壱人両名.jpg 「壱人両名」、尾脇秀和、NHKBOOKS125、NHK出版、2019
 ISBN:978-4-14-091256-0

 公家の正親町三条家に仕える大島数馬と、京都近郊の村に住む百姓の利左衛門は名前も身分も違うが、同一の人物である。・・・時間の経過や環境の変化で、名前と身分が変わったのではない。彼は大小二本の刀を腰に帯びる「帯刀」した姿の公家侍「大島数馬」であると同時に、村では野良着を着て農作業をする、ごく普通の百姓「利左衛門」でもあった。
 一人の人間が、ある時は武士、ある時は百姓という、二つの身分と名前を使い分けていた。
 江戸時代、彼のように、二つの名前と身分を使い分ける存在形態を「壱人両名」と呼んだ。

 という書き出しで始まる本書は上記のような「壱人両名」者が大勢いた中、各種の事例を古文書から紐解き紹介している。

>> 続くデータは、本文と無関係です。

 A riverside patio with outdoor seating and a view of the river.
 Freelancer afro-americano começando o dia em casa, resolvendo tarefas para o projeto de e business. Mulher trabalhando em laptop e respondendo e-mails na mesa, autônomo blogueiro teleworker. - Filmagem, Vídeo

 江戸時代人々は幕府の奉行の職掌に応じて身分が、武士(上は将軍から下は足軽・岡っ引き・浪人まで)・(公家-基本は朝廷の管轄))・寺社・百姓・町人(前記に含まれない人々全て)に区分されていた。壱人両名者はそれぞれの区分内のみならず区分を越えて生じていたという。

 通常、壱人両名者がその統括者に人別帳等によって通知しておれば問題ないのだが、様々な理由 ―武士は初期には兼職が禁じられていた、百姓は自分あるいは村の事情からなど― 手続きされていなかった場合に何らかの理由で露見し処罰された事情が記録として残っているということである。この場合「両名」が問題なのではなく、「通知しなかった」ことが「統括者を謀かった」として処罰の対象になったと。

 これはこれで興味のある内容だが、今回特に「知らなかった!」と興味深く感じたのは「領地」と「百姓の帰属」の実際についてである。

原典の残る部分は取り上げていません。